These guys are pretty cool, really: some kind of land shark with crazy head tentacles. My brother somehow ended up with a spare one and gave it to one of my sons years ago, and he painted it up in red like a demon, which also worked. I decided to go more with the shark theme and card art. It took me a long time to mix a blue color that I really liked, but after several coats, I ended up with this, which I remember to be a mix of dark blue and green to make an aqua tone, then a bit of orange to bring it down. Although the concept of these miniatures is intriguing, the sculpt is basically an undetailed lump of plastic. I used the opportunity again to practice two-brush blending, and I think it turned out quite nice. The transitions on the chest muscles may be a little stark, but then again, contrast! You can't learn to increase contrast without breaking a few eggs, or some idiom like that. 

The higher-ranking of the two has red markings on his tentacles and tail, but like the spider, they don't "pop" so well. I did actually use several layers of paint to make the transition to red more intentional, but it still doesn't really stand out. I think it will be fine at the table, but I think it's a place where I likely needed to go with more intense contrast. I suppose I could even touch that up sometime when painting other things, if it turns out not to stand out at the table well enough.

Once again here, because the figure is hunched over, I think the lighting in the lightbox alone doesn't quite do it justice. Yes, it looks like this on the table, but it's hard to appreciate some of the details.

An Elemental

Same elemental, rear view
The two elementals were fun to paint, being so different from the rest of the set and quite different from classic D&D-style elementals. The bottom of the mini is supposed to represent water, which I transitions to a more grey shade in the tail to suggest wind. Once I drybrushed to pick out the highlights and washed to bring the tones together, the aqua-grey transition was a bit lost. It's subtle, and I think it's fine, although showing it to others they hadn't noticed it at all. Oh well, we paint for ourselves, right? The fire was fun to paint, though there is a lot of it: I don't have anything else for scale here, but this is a big miniature. 

I had finished it up and showed my son or my wife (I don't remember who), and they pointed out how stark the transition was between fire and water. Once they said that, I couldn't un-see it, so that's when I added the fading yellow you can see on the rear view, transitioning down into the water. Previously, the top half was fire and the bottom was water. This is much nicer, really. I don't think I have a good before picture for comparison though.

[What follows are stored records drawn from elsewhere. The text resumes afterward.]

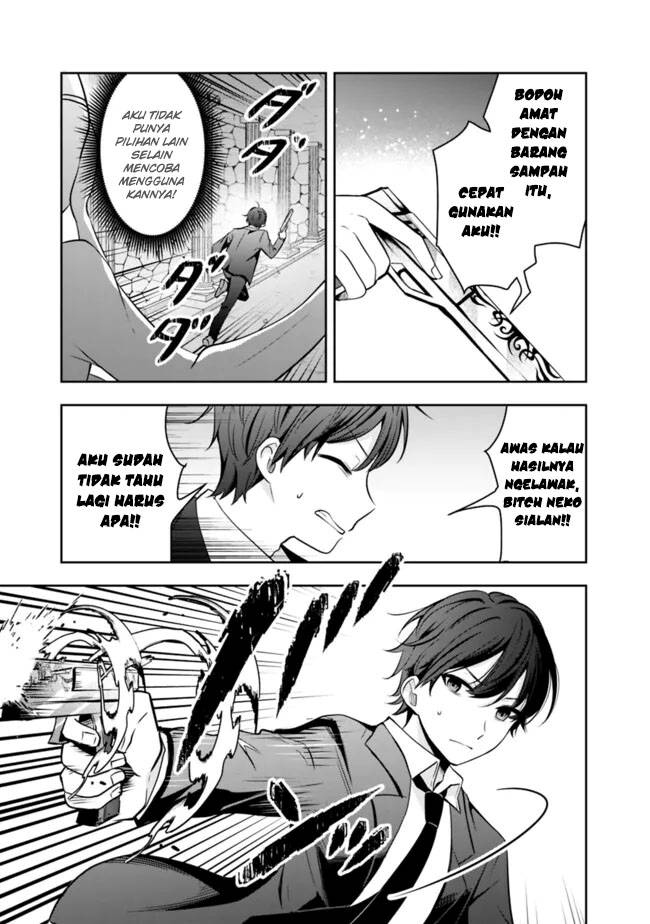 Shachiku Desu Ga Shuzoku Shinka Shite Saikyou E To Itarimasu chapter 12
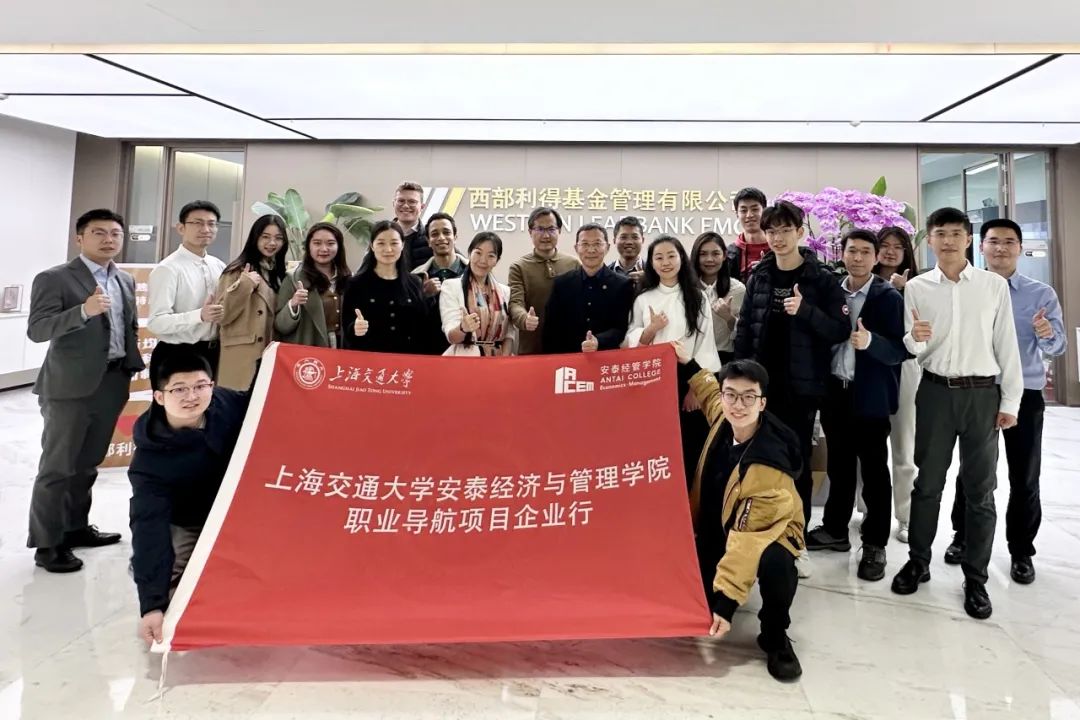上海民远职业技术学院_上海民远职业技术学院多大_上海民远职业学院多大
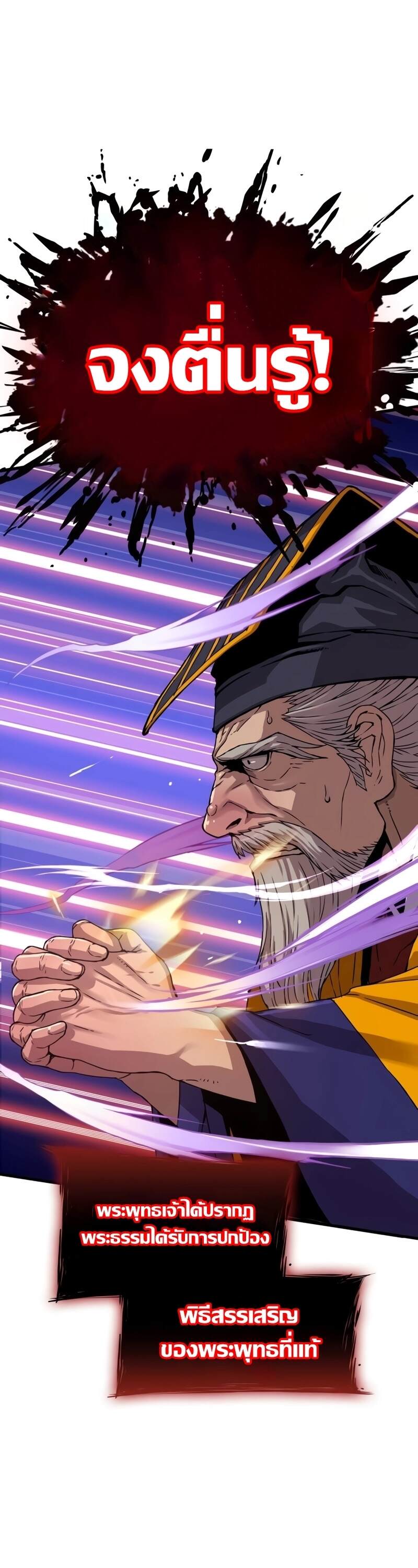 Myst Might Mayhem ตอนที่ 4 page 64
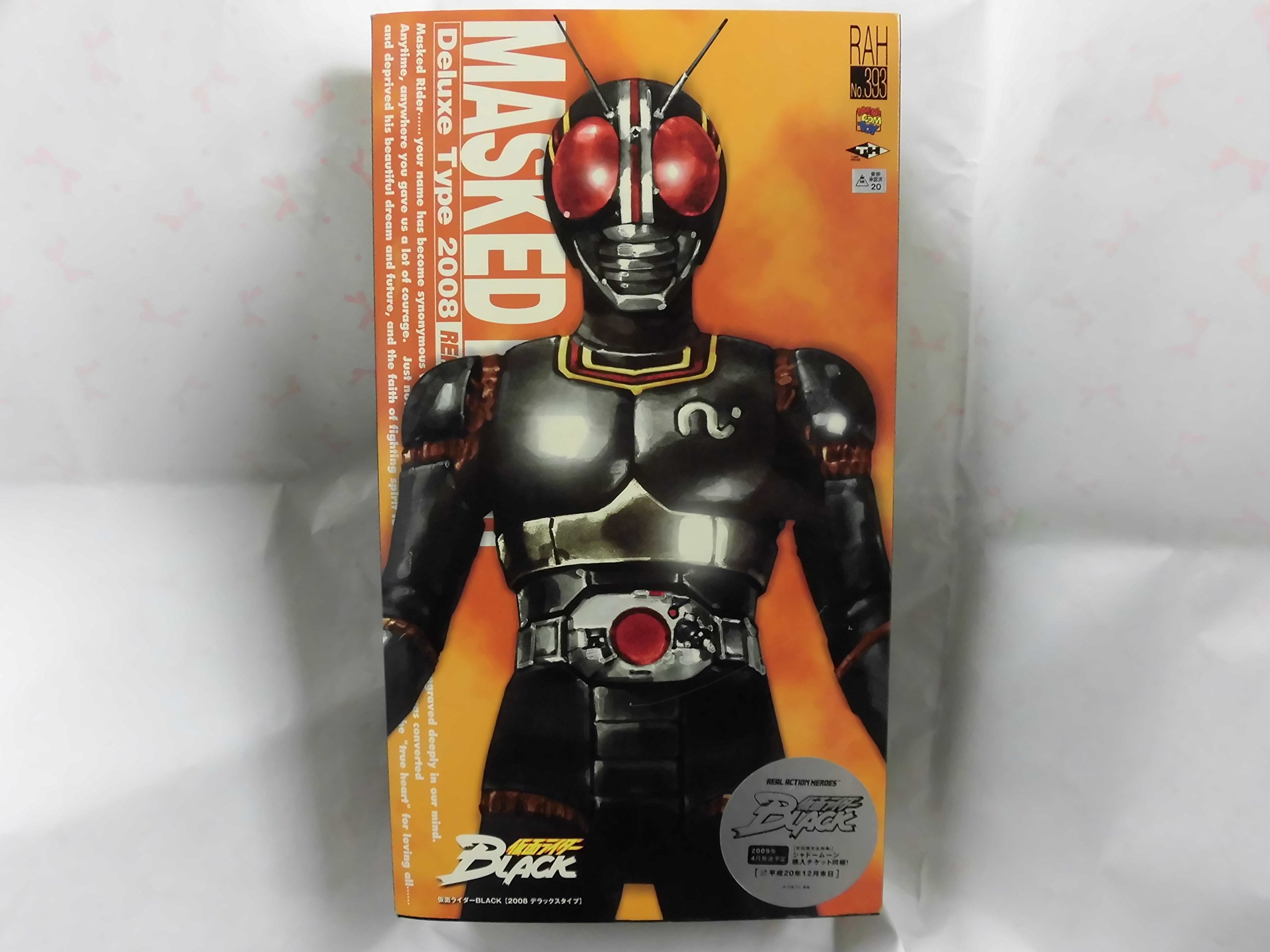 Amazon.co.jp: RAH リアルアクションヒーローズ DX 仮面ライダー
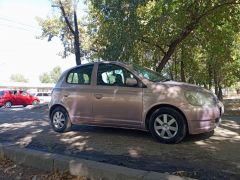 Photo of the vehicle Toyota Vitz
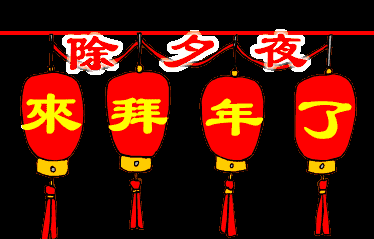2020年除夕经典祝福语 大年三十祝福语大全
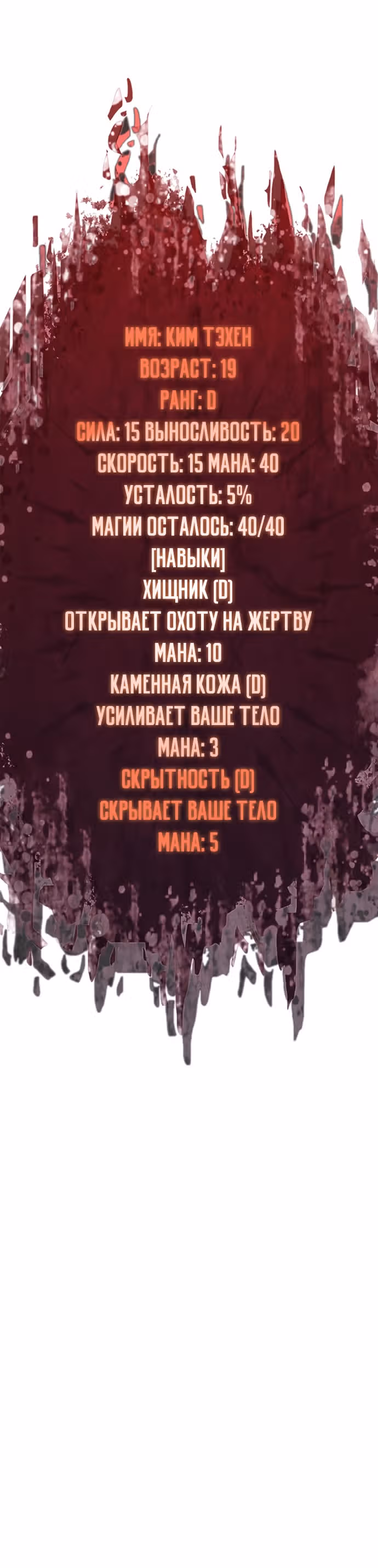 Регрессия с властью короля — Том 1 · Глава 7, страница 11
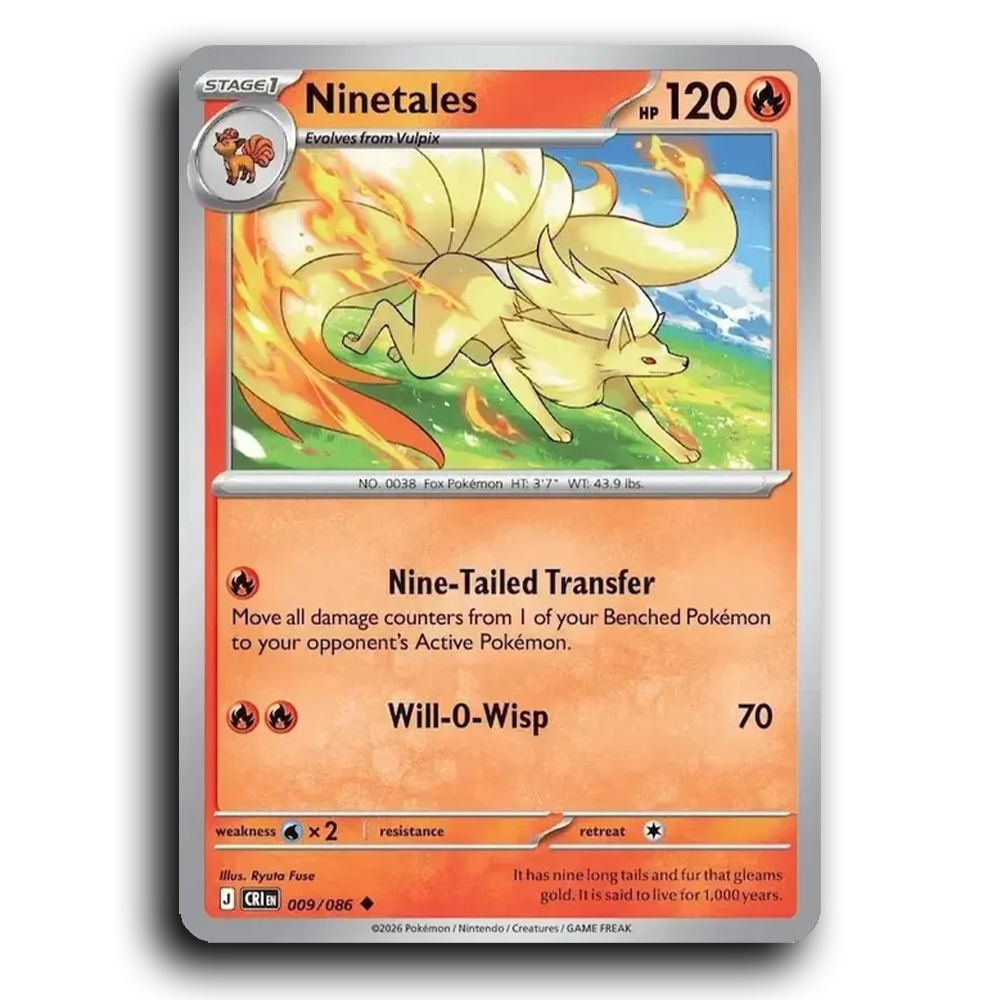 SortSwift stock scan | Near Mint / English / Normal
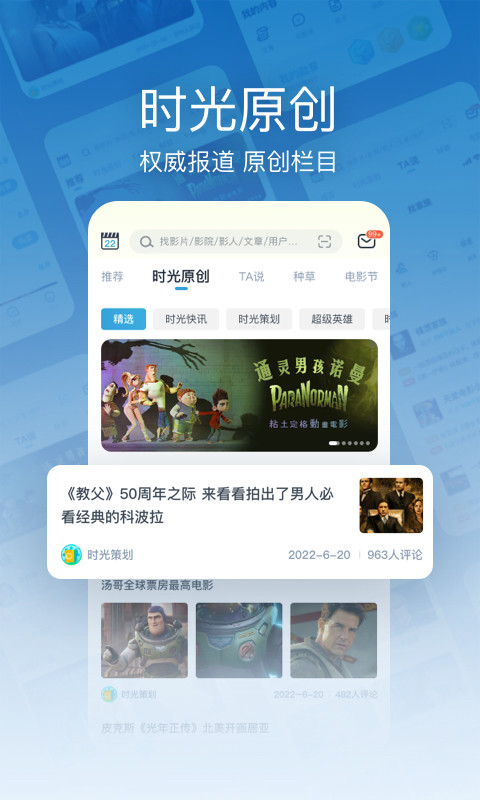 时光网v10.0.2截图5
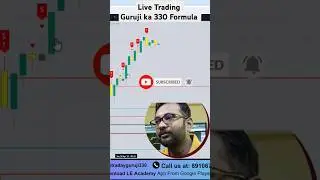 Delhi Wale Guruji ka 330 Formula | Banknifty Live trading Streaming #optionstrading #banknifty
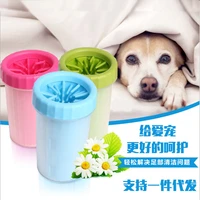 hot selling new pet foot washing artifact silicone paw cleaning cup pet supplies wholesale dog supplies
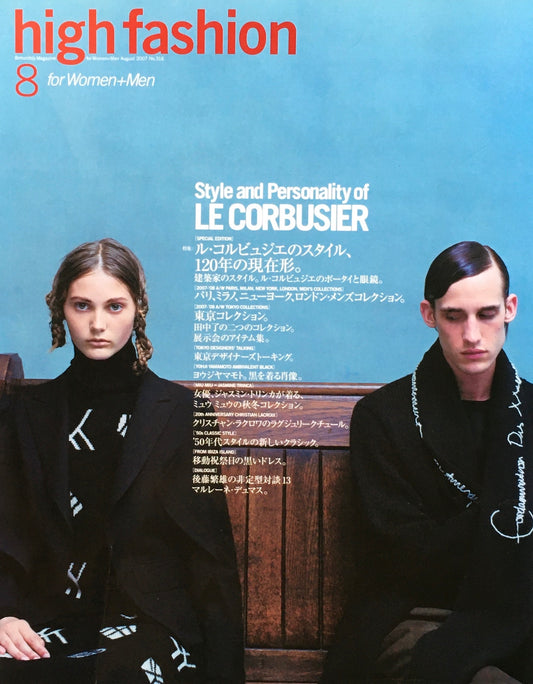 HF ハイファッション 2007年8月号 No.316 <ル・コルビュジェのスタイル、120年の現在形>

I couldn't think of any great way to distinguish between the two elementals, so one of them has red bricks on his base. We'll see if that works or not once we get to the table; I can always touch it up later.

Ettin
The two ettins were the the last of the large villains from this set, and I had a lot of fun painting them. I slowed down a little bit and gave these guys more time, though still taking shortcuts where prudent. The flesh was done with two-brush blending, and I am really happy with the transitions around the muscles and the bulging belly. The furry areas got a careful drybrush treatment. The only difference between the two ettins is that the rope that one has a red rope holding up his loincloth, and the other has more of a conventional brown rope color there.

Barghest

Barghest

Barghest Captain

A bevy of barghests
The last of the monsters is the barghests. Once again using simple techniques, I think these might be the best of the bunch. Base, drybrush, wash for the fur, but with slightly different colors for the mane and body. I also took the highlights up pretty high before toning them down with the wash, giving these more effective highlights than some of the others in the set. The gory side was done with a fleshy base color, more blood-hued wash, and then manual highlights. The bones were painted last. Honestly, some of the bones looked really good when they were just grey primer splattered with bits of paint and wash. Once I painted over them, they looked more stark, and I thought about taking them back to a bloody bone rather than a stripped bone look, but truly, these guys are kind of gross, and I had enough of looking at them. 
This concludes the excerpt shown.